From Casetext: Smarter Legal Research

Evans v. Atlanta Pub. Sch.

UNITED STATES DISTRICT COURT FOR THE NORTHERN DISTRICT OF GEORGIA ATLANTA DIVISION
Sep 20, 2016
CIVIL ACTION FILE NO. 1:15-cv-3652-TWT-CMS (N.D. Ga. Sep. 20, 2016)

Opinion

CIVIL ACTION FILE NO. 1:15-cv-3652-TWT-CMS

09-20-2016

DARRYL D. EVANS, Plaintiff, v. ATLANTA PUBLIC SCHOOLS, Defendant.


FINAL REPORT AND RECOMMENDATION

This employment discrimination matter is before the Court on Defendant Atlanta Public Schools' ("APS") Pre-Answer Motion to Dismiss, which was filed on June 10, 2016. (Doc. 28). Plaintiff Darryl D. Evans, who is proceeding in this civil action without counsel, did not filed a response in opposition to APS's Motion and the time to do so has long passed. Accordingly, APS's Motion to Dismiss is deemed unopposed. See L.R. 7.1(B), NDGa ("Failure to file a response shall indicate that there is no opposition to the motion."). However, an unopposed motion does not mean that the moving party automatically prevails; rather, the Court is still to consider the merits of the motion. See Simpson v. Countrywide Home Loans, Case No. 1:10-CV-0224-CAM-ECS, 2010 WL 3190693, at *3 (N.D.Ga. Apr. 26, 2010) (holding that "unopposed" under Northern District of Georgia Local Rule 7.1(B) does not mean the non-responsive party "abandoned" its claims in the motion to dismiss context), report and recommendation adopted, 1:10-CV-0224-JOF, 2010 WL 3190686 (N.D.Ga. Aug. 11, 2010). Therefore, I have considered the merits of APS's Motion to Dismiss. For the reasons stated below, I RECOMMEND that APS's Motion to Dismiss (Doc. 28) be GRANTED.
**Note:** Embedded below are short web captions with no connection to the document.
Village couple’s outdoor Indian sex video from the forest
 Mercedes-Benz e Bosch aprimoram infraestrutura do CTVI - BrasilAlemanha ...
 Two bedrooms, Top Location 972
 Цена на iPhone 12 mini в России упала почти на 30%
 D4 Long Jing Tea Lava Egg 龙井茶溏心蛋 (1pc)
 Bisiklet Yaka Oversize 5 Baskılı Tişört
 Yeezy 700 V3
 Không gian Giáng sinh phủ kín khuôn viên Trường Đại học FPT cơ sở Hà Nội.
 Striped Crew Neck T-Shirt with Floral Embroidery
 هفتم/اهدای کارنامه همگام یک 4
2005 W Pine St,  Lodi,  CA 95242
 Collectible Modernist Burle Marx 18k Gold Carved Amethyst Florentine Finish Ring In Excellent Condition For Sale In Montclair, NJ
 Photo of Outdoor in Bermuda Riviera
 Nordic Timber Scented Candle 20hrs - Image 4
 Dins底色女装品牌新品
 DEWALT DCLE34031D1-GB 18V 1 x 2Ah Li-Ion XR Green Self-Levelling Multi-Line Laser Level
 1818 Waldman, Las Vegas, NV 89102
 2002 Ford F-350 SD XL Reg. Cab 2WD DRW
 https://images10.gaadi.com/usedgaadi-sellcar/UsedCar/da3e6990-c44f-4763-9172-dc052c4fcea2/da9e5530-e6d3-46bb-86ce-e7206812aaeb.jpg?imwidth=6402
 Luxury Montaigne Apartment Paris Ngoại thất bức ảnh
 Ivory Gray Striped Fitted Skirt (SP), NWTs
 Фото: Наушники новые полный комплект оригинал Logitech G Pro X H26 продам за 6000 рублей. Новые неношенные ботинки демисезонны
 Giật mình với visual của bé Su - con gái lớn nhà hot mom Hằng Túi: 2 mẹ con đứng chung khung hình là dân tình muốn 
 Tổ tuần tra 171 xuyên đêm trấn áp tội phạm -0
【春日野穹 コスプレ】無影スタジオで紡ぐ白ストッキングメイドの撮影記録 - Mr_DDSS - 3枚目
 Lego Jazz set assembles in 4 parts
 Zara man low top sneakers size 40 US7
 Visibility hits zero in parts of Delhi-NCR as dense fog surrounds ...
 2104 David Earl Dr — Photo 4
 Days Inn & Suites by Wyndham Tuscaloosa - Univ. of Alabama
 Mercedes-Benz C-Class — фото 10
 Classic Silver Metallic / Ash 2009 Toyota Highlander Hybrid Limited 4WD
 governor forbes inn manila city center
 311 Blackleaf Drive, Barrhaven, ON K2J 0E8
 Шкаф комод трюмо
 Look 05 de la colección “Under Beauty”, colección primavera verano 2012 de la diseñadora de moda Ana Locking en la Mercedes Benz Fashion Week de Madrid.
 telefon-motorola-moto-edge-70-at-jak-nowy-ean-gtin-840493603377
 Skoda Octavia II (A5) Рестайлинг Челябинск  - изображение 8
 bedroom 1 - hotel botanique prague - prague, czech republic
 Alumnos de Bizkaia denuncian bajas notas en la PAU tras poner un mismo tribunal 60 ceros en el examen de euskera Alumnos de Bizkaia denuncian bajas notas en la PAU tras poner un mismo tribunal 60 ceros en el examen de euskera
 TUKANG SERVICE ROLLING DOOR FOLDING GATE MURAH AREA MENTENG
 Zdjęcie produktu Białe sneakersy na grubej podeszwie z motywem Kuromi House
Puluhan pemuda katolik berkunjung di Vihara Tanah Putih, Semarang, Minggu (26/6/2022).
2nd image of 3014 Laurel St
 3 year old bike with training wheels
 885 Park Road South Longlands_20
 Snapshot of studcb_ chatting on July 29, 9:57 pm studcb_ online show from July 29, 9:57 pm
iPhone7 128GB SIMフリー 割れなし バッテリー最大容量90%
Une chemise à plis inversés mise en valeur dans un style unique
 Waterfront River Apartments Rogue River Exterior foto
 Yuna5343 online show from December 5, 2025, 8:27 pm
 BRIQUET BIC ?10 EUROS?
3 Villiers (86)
Plaintiff was granted an extension of time, through August 17, 2016, to respond to APS's Motion to Dismiss. (Doc. 30). The extension was based on Plaintiff's statement that he was not receiving copies of APS's filings, and the incorrect statement on APS's certificate of service indicating that the Court's CM/ECF system would serve Plaintiff, who is pro se. APS was ordered to send Plaintiff, by U.S. mail, a copy of every document it had filed in this civil action. On July 26, 2016, APS filed a Notice of Compliance with the Court's Order. (Doc. 31).

I. THE ALLEGATIONS IN THE COMPLAINT

These facts are taken from the Complaint, the attached "Timeline of Events," and other exhibits to the Complaint, and are accepted as true and construed in the light most favorable to the Plaintiff for the purpose of evaluating APS's motion to dismiss under Rule 12(b)(6). See Timson v. Sampson, 518 F.3d 870, 872 (11th Cir. 2008).

Plaintiff is an African-American male. (Doc. 1, Complaint ("Compl.") ¶ 13). Plaintiff asserts that between August 2014 and May 2015, while he was employed by APS at Inman Middle School, he was subject to discrimination based on his race and gender, and subject to retaliation for opposing APS's unlawful employment practices.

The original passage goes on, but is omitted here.